SINGAPORE Singapore Exchange Ltd announced a partnership with the city-state's technology and media regulator, in a move that will facilitate accredited companies to list on the exchange and shore up the bourse's appeal as a listing destination.
"Through this memorandum of intent (MOI), both parties aim to lower the access barriers for technology companies into the capital markets, catalyse more high-tech IPOs and increase Singapore's attractiveness as a venue for capital raising," SGX and the Infocomm Media Development Authority (IMDA) said in a joint statement on Wednesday.
The IMDA develops and regulates Singapore's technology, media and telecom sector.
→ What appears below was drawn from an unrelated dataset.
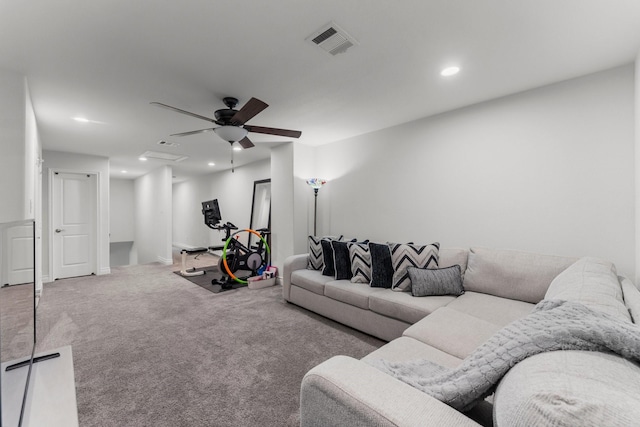 719 Cherokee Dr, Conroe, TX 77316 - living room featuring carpet flooring, recessed lighting, and ceiling fan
Under its accreditation programme, infocomm media companies are supported by investments and resources to grow and compete in global markets.
As of end May 2017, the IMDA programme had 18 accredited companies in areas such as video and data analytics and robotics.
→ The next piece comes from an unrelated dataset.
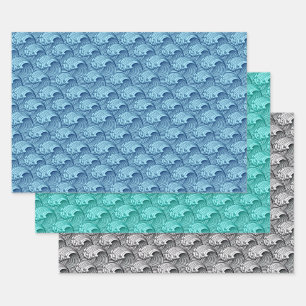 Vintage japanische Waves, blau.türkis, blau/weiß Geschenkpapier Set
SGX's partnership with IMDA would allow them to organise financial support for IMDA-accredited companies in their IPO journey and advise them on listing processes, the statement said.
SGX, a global centre for business trusts and real estate investment trusts, has taken several measures in the past few years to shore up market liquidity, improve the quality of listings and strengthen its regulatory framework after a penny stocks crash in 2013 battered investor confidence.
Fund-raising via IPOs at SGX, where about 40 percent of over 700 listed companies originate outside the country, rebounded to $1.7 billion last year after slumping to its lowest in 17 years in 2015, Thomson Reuters data showed.
Under CEO Loh Boon Chye, who joined the SGX two years ago, the exchange is in the process of deciding whether it should introduce dual-class share listings.
If approved, this would mark the boldest move by the exchange in years and is expected to help it become the go-to-place for potential IPOs for Southeast Asian start-ups from the technology and other sectors.